■ **Given data**
-*-*-
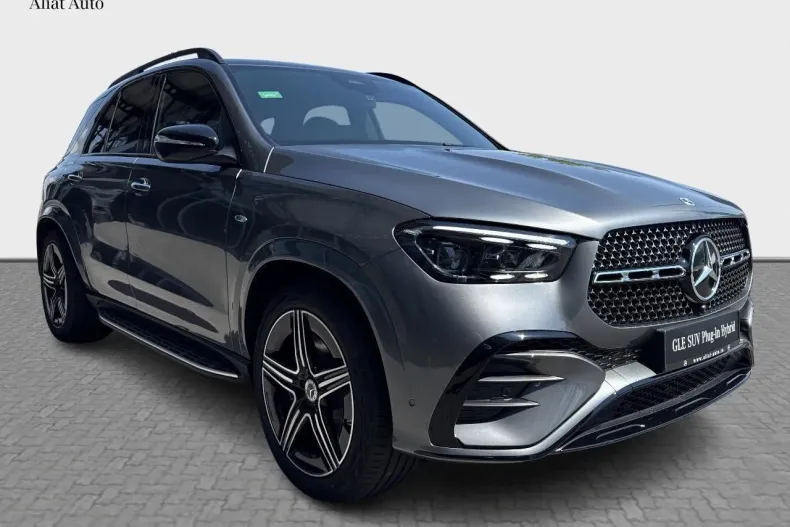 Mercedes-Benz GLE din 2025 cu 6.000 km - oferta MER135628 - foto 3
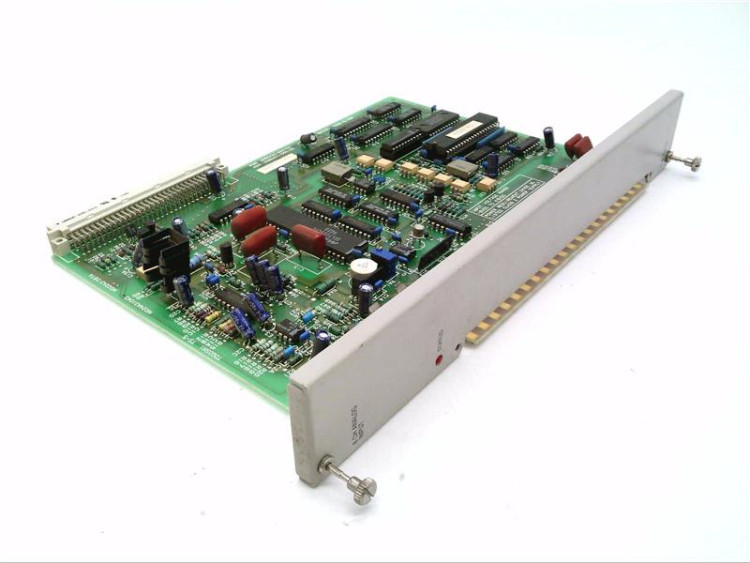 SIEMENS 505-6108A INPUT MODULE 8POINT ANALOG 12BIT SINGLE WIDE SIEMENS 505-6108A INPUT MODULE 8POINT ANALOG 12BIT SINGLE WIDE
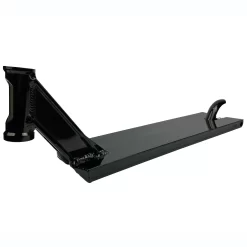 District Mythos Scooter Deck - Trans Black 22.8" X 5.7"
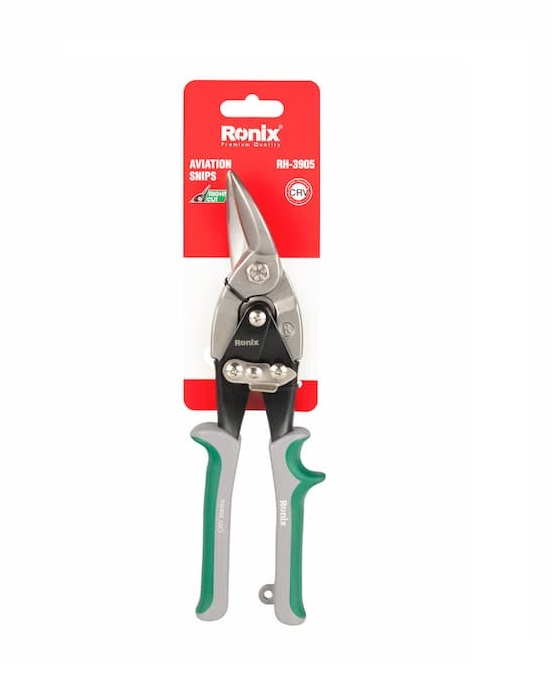 قیچی ورق بر (راست بر) رونیکس مدل RH-3905 قیچی ورق بر (راست بر) رونیکس مدل RH-3905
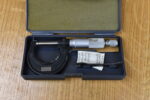 Moore   Wright No. 965 0 - 1" Micrometer 80210588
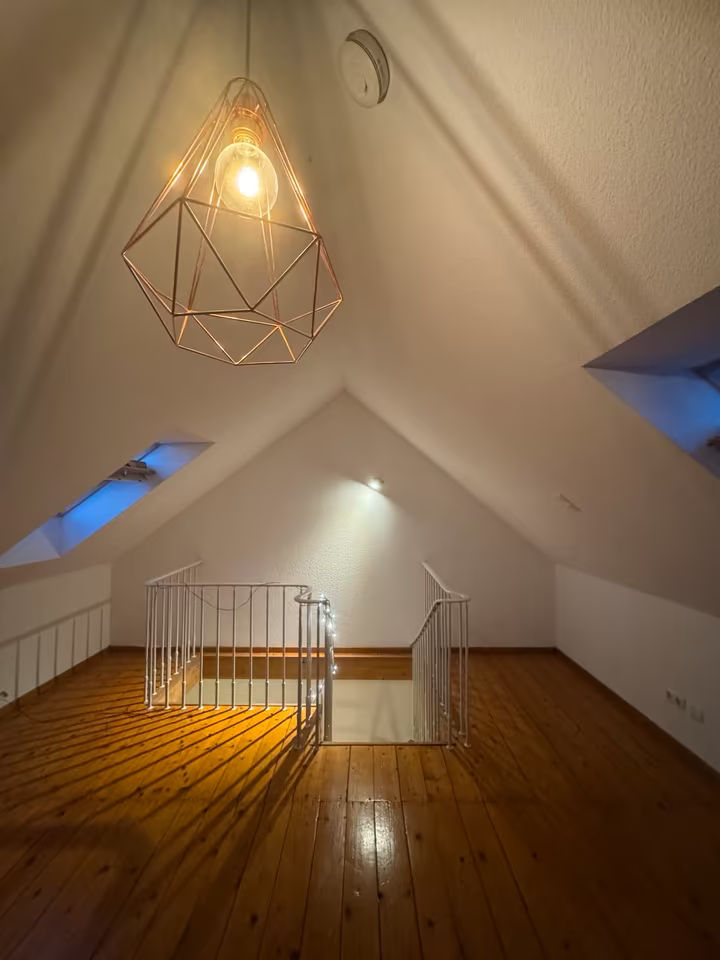 Zentral gelegene Maisonette-Dachgeschosswohnung – Nonnenpfad 19, 49074 Osnabrück – Vorschaubild 12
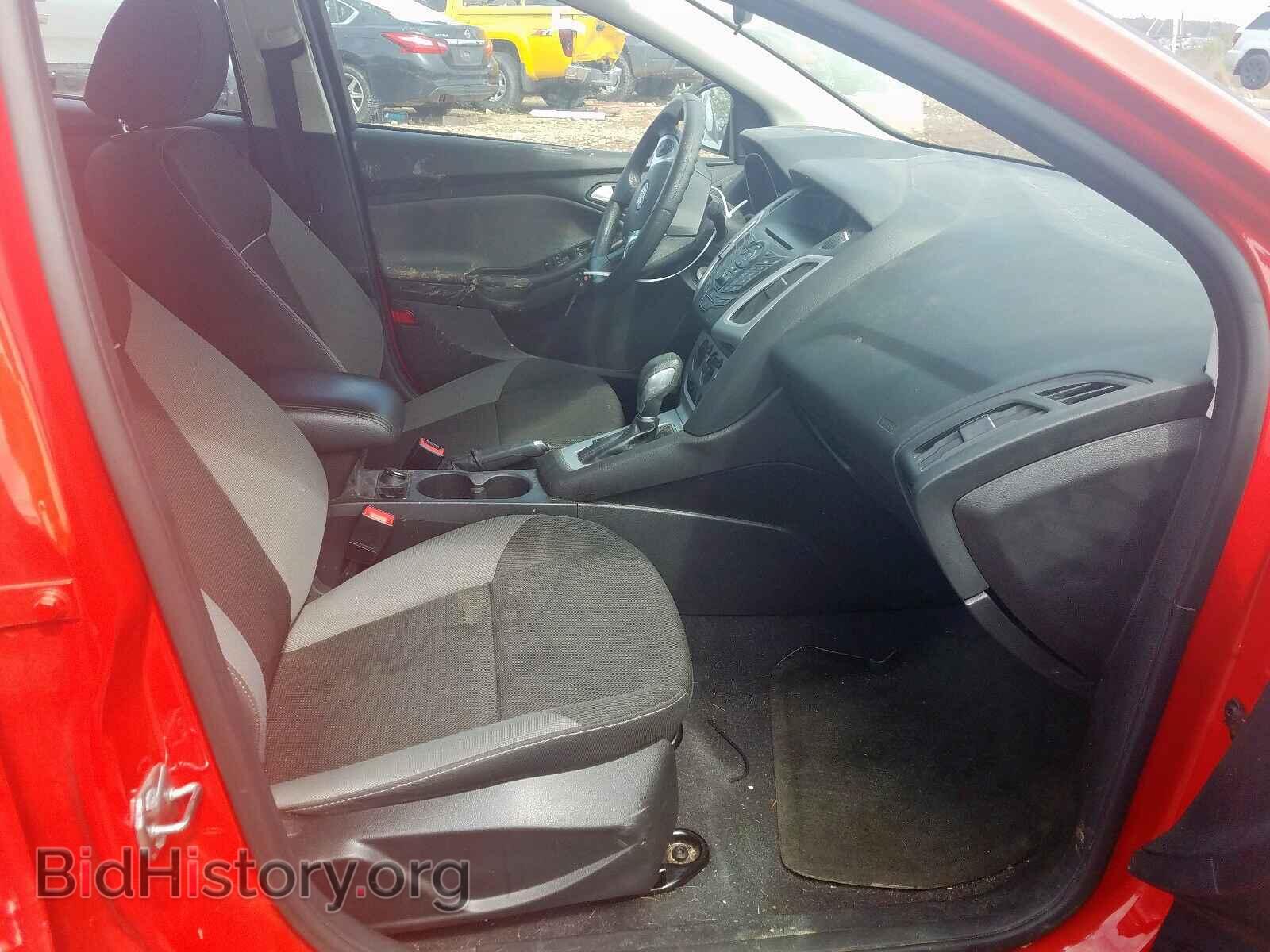 2014 FORD FOCUS - VIN: 1FADP3F29EL447123 - Photo 5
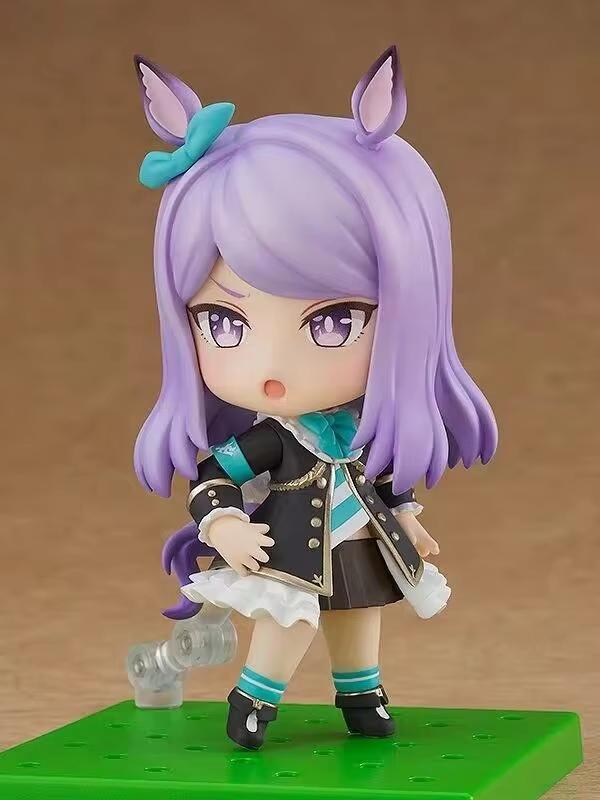 В наличии Нендороид Uma Musume Pretty Derby Милый Аниме Персонаж Модные Игрушки Коллекционная Настольная Украшение Сюрприз Подарок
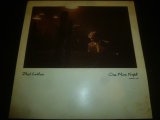 PHIL COLLINS/ONE MORE NIGHT (12")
-*-*-
■ **Brief**
Exactly as written, restate the lines from the one that contains "District Mythos Scooter" through the final line of the data, both ends included, but leave out the pictures.

■ **Response**
 District Mythos Scooter Deck - Trans Black 22.8" X 5.7"
 قیچی ورق بر (راست بر) رونیکس مدل RH-3905 قیچی ورق بر (راست بر) رونیکس مدل RH-3905
 Moore   Wright No. 965 0 - 1" Micrometer 80210588
 Zentral gelegene Maisonette-Dachgeschosswohnung – Nonnenpfad 19, 49074 Osnabrück – Vorschaubild 12
 2014 FORD FOCUS - VIN: 1FADP3F29EL447123 - Photo 5
 В наличии Нендороид Uma Musume Pretty Derby Милый Аниме Персонаж Модные Игрушки Коллекционная Настольная Украшение Сюрприз Подарок
 PHIL COLLINS/ONE MORE NIGHT (12")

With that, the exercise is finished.